ALIGNMENT

                For three days, I have serviced, repaired, and immediately after watched a rotary disk mower-conditioner self-destruct.  For three days, I read the manual, servicing all pieces shown, replacing all worn parts, aligned timing marks for disk rotations—all as the manuals instructed—and, on engaging and starting the mower once again, witnessed its immediate annihilation of self. 

                Something wasn’t right.  Something was fundamentally wrong, but what?

                After the third time, deconstructing the cutter bar and leaving its face bare, we examined everything again.  The problem repeated, each time at the same point of failure.  We looked at the problem more closely, externally before breaking everything apart. 

                There was one small difference.  The last cog, while timing marks for proper spacing and rotation of cutter disks were correct on face alignment, the gear still appeared out of synch with the rest.  Where all the others laid at the same resting angle, the point of failure showed an offset from the others—even with the timing markers reading correct.  Could this be it?

                We removed the gear cog—and the one next to it—checking internally for broken, worn, or missing teeth in the internal mechanics of the machine.  There were none. 

                Before reassembling, and trying—one more time—to get the mower right, we made not of the offset of the cog before reassembling the machine.  We installed the cog in alignment with all the others as they appeared on the cutter bar face. 

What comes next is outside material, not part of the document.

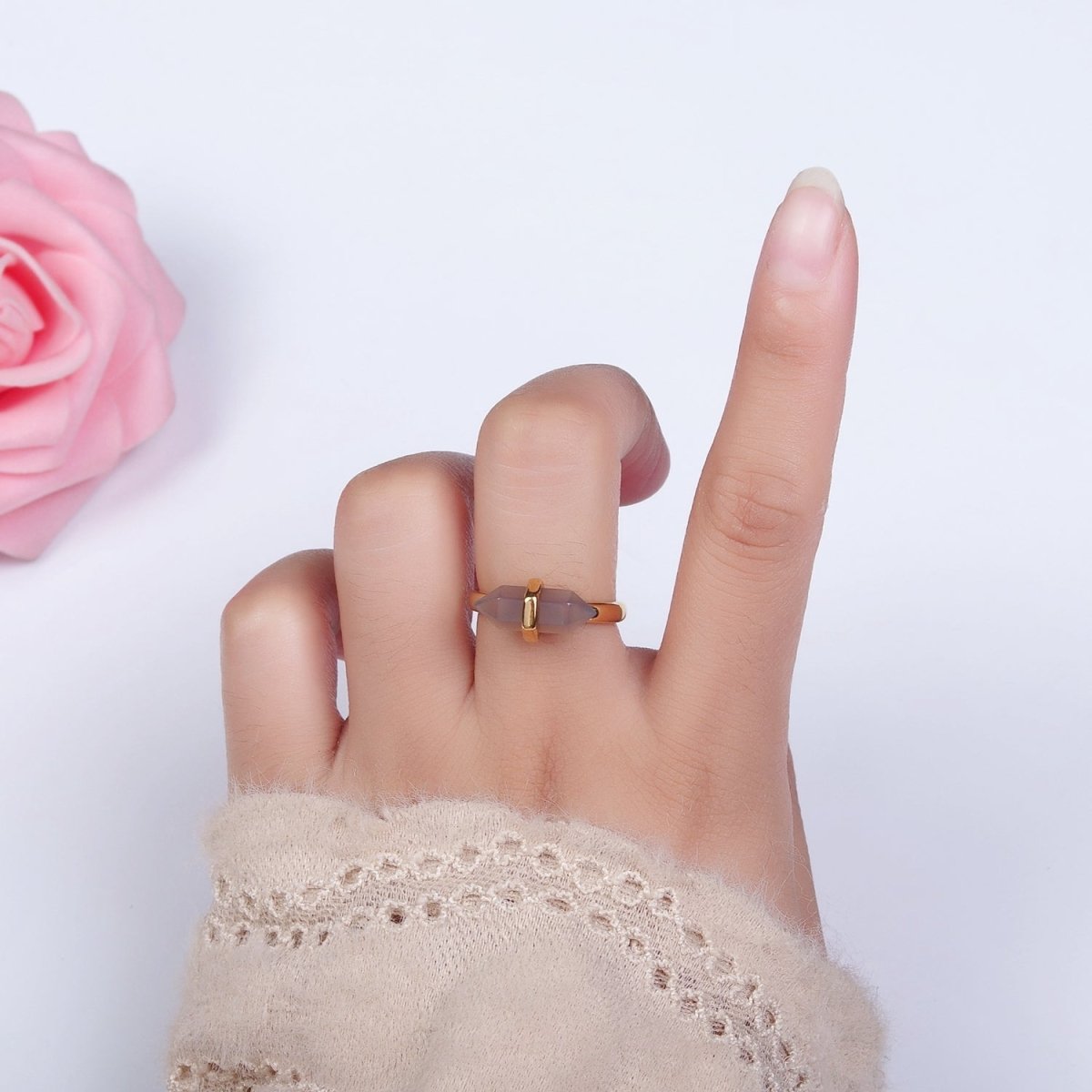 14K Gold Filled Natural Gemstone Pointed Wand Ring | O688 - O697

                We rebuilt the machine again: disks, blades, shields, and started the mower again.

                Perfect.

                No sound, no vibration, balance and perfect operation. 

                We returned to the hayfield, tried again, and the mower ran at speeds and smoothness I’ve never known it to have.

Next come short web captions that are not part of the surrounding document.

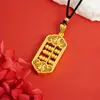 Collar con Ábaco Chapado en Oro Estilo Antiguo y Cuerda Negra Estilo Chino, Joyería Auspiciosa Retro Tendencia Nacional para Mujeres, Venta al por Mayor desde Fabricante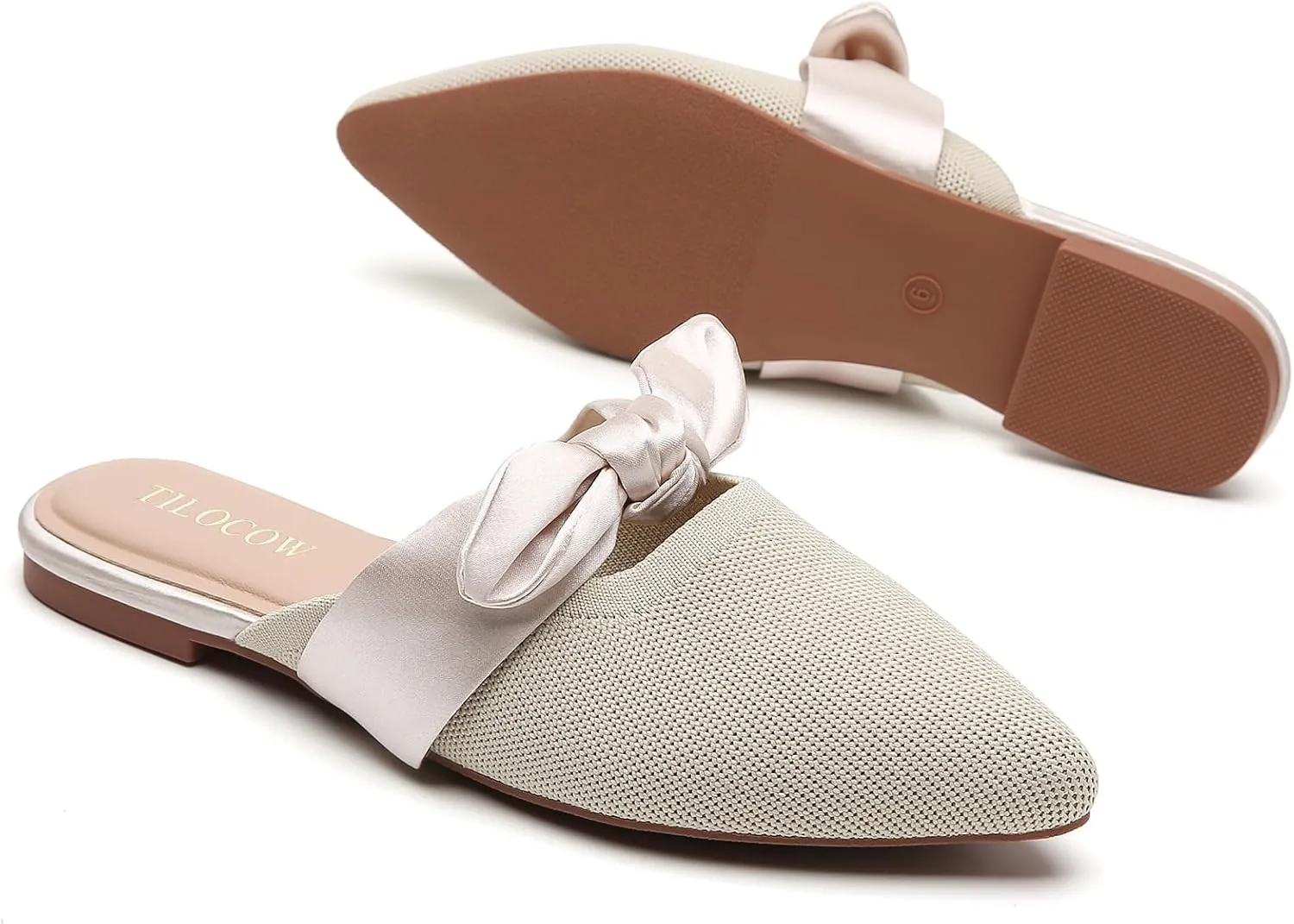 Tilocow Knit Mules for Woman Pointed Toe Flats Bow Mules Slip On Slides Flats Shoes Women Dressy Comfortable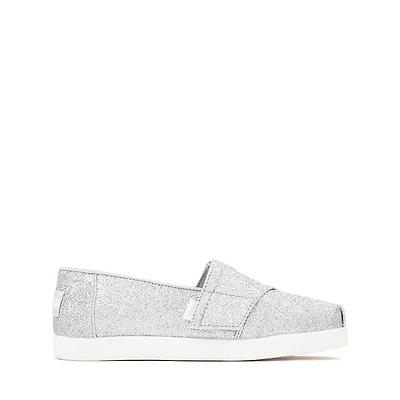 TOMS Alpargata Slip-On Casual Shoe - Little Kid / Big Silver Iridescent Glimmer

                I don’t know how the cog was assembled wrong.  My guess is that in a past repair, or examination of a problem, it was removed and—without attention—reassembled close, but not properly aligned; and ever-after, it has consumed blade edges and caused noise and vibration that, knowing no better, assumed was how the machine had always been.

                Working on this mower—struggling and finding frustration in repeated-same repairs in accordance with a manual that immediately after proceeded to fail—made me think of the importance of timing an alignment; not just in mechanics, but in ourselves, life, and our societies as a whole? 

                How many times, in deconstruction of a perceived problem, do we reassemble a piece that was not the source nearly, but not precise, to the way it was. How many times, after, does this point of examination, after, become a persistent point of trouble, friction, destruction when everything according to what we read and see says it’s “right?” 

                The manual misses what our discernment first-hand should still see: something is off; and until that piece is fixed—brought back into alignment with the design as it was Created to be—it will always be a point of trouble and failures. 

                Maybe we too are made in a design, and when our alignment falls away from a Created Order, chaos, despair, and self-annihilation—personal and societal—is what is and must occur; and only when we return to alignment, is balance and stability restored. 

                I’ve lived through the experience of being off, out of alignment, grinding against my own will and perceived desires and aims, and felt the chaos of breaking one’s self apart by failures internal to my own soul-assembly. 

                I’ve also lived the reexamination, searching the small pieces, the details that are right by the book, but fundamentally wrong in assembly an employment, that—when corrected—restore an ease, smoothness to life, and balance in soul. 

                I perceive something is off in our present world.  I believe we can do everything right by the economic, social, political books, and failures and societal-tribulations are still to come.  I believe there is something in our culture fundamentally off, and few in positions of power are looking at the cause—for it is small and does not seek herald or self-advancement.  It is a matter of alignment, how we arrange and order our selves in position to the greater mechanics of society and culture. 

                I worry because, like the mower, sometimes a small fix takes complete destruction of the machine for us to see how important one single tooth on cog—and its place in position with all the rest of a greater creation—can be. 

                Sometimes, the answer is not in the manual—not because the manual is wrong—but because something simpler is fundamentally wrong on which, without alignment to a standard beginning state, nothing after can amend.  

                Sometimes, the answer can only be found in discernment: understanding a system’s fundamentals and returning to a beginning standard that makes the rest work; and without such repair and return to alignment and order, there can only be destruction and failure. 

                What is off in our world?  What have we deconstructed, examined in past as possible point of trouble and then restored, or replaced, on a fundamental societal level that we, perhaps, restored wrong?  Where do we look?  How do we fix it? 

                Our answer may be far simpler than the problems we perceive.